Let $\mathcal E$ be an $\infty$-topos, and let $t : \mathcal E \to Spaces$ be the unique geometric morphism to $Spaces$. The composite $t_\ast t^\ast : Spaces \to Spaces$ is a left-exact accessible functor, i.e. a pro-space, known as the shape of the $\infty$-topos $\mathcal E$.

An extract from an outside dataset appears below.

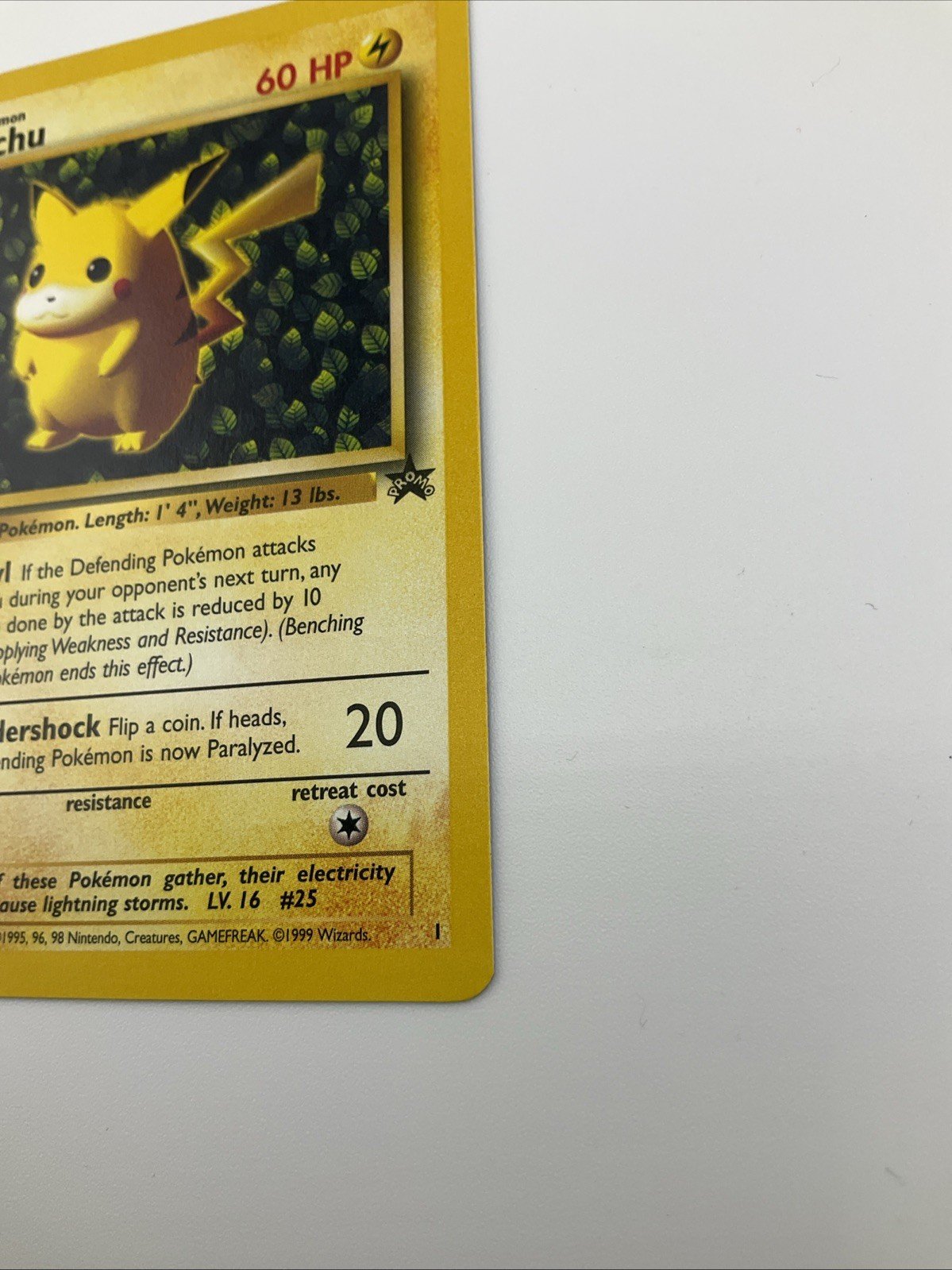 1999 Pokemon Card #1 Ivy Pikachu 1st Edition Error League Promo NM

Moreover, though, $t_\ast t^\ast$ is obviously a monad, a fact which I haven’t seen discussed in the $\infty$-categorical literature. The analogous monads have been studied in the 1-categorical literature: in Cartesian monads on toposes, Johnstone shows that every monad on $Set$ whose underlying endofunctor is left exact arises as the shape of a topos. He moreover shows that the functor $\mathcal E \mapsto t_\ast t^\ast$, $Topos \to CartMnd(Set)$ is a localization, identifying a topos $\mathcal E$ with its “strongly zero-dimensional localic” reflection [1]. This leads to an obvious
Question 1: How much of this story lifts to $\infty$-topoi?
Does every monad $T$ on $Spaces$ whose underlying endofunctor is left-exact arise as $T = t_\ast t^\ast$ for some $\infty$-topos $\mathcal E$?
Is the resulting “enhanced shape” $\infty-Topos \to CartMnd(Spaces)$ a localization?
Can we characterize these possible “enhanced shapes” in a way analogous to the “strongly zero-dimensional locales” of Johnstone?
Question 2: Shapes of $\infty$-topoi are used to do real work (see e.g. etale homotopy theory, exodromy, ... ). Can we get more mileage out of $\infty$-topos-theoretic shape theory by considering this monad aspect?
[1] A topological space is “strongly zero-dimensional” if it is zero-dimensional and moreover every open cover has a pairwise-disjoint open refinement. Every compact (even Lindelof) zero-dimensional space is strongly zero-dimensional, but there are noncompact ones and not every zero-dimensional space is strongly zero-dimensional.